Hello , I previously posted about one of my cats peeing in the house. Thanks to all your suggestions including changing type of litter, extra trays, having him neutered etc the problem was resolved for about 3 months. I was able to let him into carpeted rooms again without any problems. My issue is ive just started smelling faint smells of cat pee again. I found the smell on a towel that was hung up, on skirting boards, on door mat amongst other places. I suspect he is spraying maybe? as the areas don't seem to be saturated. I am at my wits end again - cleaning things daily  I have not seen him do this so it could be the other cat (who does seem more dominant of the 2) but i do seem to have reoccuring problems with toilet training with the less dominant cat so suspect its him. They are brothers and get on very well

any advice on how to resolve this?

also, I am feeling guilty because they usually sleep in the house (sometimes on our bed) but tonight i have put them in our utility room (there is a cat flap to the garden if they want to go out). They have a box with an electric heated pet mat and blanket and i have plugged an electric heater in there. and they have their food, water and litter tray. will they be okay in there? I feel bad for them but i have spent the last few days trying to find where the smells are coming from and cleaning everywhere :s x


----------



## jenna288 (Nov 14, 2015)

...just been googling - could this be a uti? just been upstairs and smelt pee again and theres splashes of it on bathroom floor  x


----------



## Pet Nanny Care (Feb 15, 2016)

Hi Jenna,

Just saw another post with a similar problem and I suggested the following:

- If you have 2 cats you should have 2 litters.
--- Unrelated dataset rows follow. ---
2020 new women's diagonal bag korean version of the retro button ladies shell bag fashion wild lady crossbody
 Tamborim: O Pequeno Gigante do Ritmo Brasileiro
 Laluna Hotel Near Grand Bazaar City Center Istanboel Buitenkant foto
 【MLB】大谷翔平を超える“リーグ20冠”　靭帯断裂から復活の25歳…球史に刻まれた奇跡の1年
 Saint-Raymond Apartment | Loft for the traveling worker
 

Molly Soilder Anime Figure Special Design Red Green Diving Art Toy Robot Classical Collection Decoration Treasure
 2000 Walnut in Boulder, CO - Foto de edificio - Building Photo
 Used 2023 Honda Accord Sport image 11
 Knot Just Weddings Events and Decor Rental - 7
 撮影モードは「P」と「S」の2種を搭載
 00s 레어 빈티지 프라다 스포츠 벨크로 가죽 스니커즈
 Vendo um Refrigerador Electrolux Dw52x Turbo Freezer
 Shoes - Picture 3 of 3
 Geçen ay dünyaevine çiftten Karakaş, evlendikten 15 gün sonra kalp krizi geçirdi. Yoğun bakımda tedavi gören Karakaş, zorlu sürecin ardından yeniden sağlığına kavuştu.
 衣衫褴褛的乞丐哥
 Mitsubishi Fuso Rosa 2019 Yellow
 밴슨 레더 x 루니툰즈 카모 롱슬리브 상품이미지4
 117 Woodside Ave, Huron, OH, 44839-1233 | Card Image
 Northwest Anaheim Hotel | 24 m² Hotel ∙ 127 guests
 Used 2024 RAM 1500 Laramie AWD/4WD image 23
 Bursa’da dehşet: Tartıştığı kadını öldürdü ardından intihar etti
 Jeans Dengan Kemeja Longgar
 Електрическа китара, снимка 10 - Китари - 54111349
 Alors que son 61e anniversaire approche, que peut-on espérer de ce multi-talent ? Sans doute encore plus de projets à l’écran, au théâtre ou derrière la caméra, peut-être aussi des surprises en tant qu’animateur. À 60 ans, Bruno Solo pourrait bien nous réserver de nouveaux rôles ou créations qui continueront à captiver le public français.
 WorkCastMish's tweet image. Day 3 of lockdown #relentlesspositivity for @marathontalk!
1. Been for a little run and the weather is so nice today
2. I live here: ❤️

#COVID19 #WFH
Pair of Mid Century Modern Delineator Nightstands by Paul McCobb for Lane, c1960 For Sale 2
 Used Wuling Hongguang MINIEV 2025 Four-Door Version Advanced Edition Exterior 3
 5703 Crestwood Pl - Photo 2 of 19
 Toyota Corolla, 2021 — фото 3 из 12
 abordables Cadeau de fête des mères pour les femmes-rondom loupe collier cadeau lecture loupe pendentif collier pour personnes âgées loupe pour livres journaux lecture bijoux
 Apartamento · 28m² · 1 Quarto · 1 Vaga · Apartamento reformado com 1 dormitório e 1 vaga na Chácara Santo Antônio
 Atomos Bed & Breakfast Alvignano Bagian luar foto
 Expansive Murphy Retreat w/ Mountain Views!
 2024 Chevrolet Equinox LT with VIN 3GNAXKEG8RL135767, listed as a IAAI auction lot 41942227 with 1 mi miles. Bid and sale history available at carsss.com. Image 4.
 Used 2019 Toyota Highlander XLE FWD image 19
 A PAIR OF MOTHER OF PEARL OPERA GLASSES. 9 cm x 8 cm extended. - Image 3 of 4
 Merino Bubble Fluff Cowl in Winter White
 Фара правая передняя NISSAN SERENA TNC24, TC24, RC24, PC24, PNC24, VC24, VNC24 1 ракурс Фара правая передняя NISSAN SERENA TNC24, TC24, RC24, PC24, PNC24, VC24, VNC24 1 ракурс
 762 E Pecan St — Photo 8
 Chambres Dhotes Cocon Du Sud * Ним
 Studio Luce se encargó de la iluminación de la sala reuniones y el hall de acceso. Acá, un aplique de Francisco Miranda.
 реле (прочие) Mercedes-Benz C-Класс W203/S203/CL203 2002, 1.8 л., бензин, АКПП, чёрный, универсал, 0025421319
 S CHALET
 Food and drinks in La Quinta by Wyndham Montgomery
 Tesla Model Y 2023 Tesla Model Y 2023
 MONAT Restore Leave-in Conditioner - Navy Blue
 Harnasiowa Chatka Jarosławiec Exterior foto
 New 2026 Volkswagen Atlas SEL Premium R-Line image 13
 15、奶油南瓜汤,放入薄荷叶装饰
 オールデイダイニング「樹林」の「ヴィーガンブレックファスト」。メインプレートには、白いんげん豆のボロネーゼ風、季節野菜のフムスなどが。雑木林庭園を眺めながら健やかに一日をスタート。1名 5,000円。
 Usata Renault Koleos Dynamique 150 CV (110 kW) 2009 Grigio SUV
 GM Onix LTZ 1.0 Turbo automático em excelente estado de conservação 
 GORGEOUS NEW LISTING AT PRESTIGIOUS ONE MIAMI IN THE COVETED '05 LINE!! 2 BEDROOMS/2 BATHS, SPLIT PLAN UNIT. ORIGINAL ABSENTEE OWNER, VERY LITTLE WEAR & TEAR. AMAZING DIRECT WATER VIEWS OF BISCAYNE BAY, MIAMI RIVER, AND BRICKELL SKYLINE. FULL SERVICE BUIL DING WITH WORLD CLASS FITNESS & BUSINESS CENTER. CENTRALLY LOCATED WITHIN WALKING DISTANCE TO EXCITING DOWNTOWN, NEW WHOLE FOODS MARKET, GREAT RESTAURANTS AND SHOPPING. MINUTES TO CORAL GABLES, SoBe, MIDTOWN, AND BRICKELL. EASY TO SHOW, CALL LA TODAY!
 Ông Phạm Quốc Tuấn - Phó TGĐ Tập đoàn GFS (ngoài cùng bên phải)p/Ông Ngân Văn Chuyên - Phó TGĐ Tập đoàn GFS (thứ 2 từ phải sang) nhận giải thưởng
Cats do not like sharing litters and having another litter will only encourage your cat to use the new one. 
- clean your litters frequently with water & soap
- put enough litter in your litter tray
- do not have closed litters, some cats do not like these.
- if you are using litter liner - this may also be the cause of the problem. some cats do not like litter liners.
- just have simple plastic litters that are big enough for your cats.
- Remove any mats that have been previously peed on (temporarily until your cat starts using the new additional litter) 
- If there's a spot that your cat likes to use as its litter, cover this area with an object or close doors to these rooms.
- give your cat a treat and make fuss when your cat uses the litter!
- check for discomforts. Is your cat walking/jumping properly? If not, your cat might be in pain and might not want to climb inside the litter and will end up peeing somewhere else!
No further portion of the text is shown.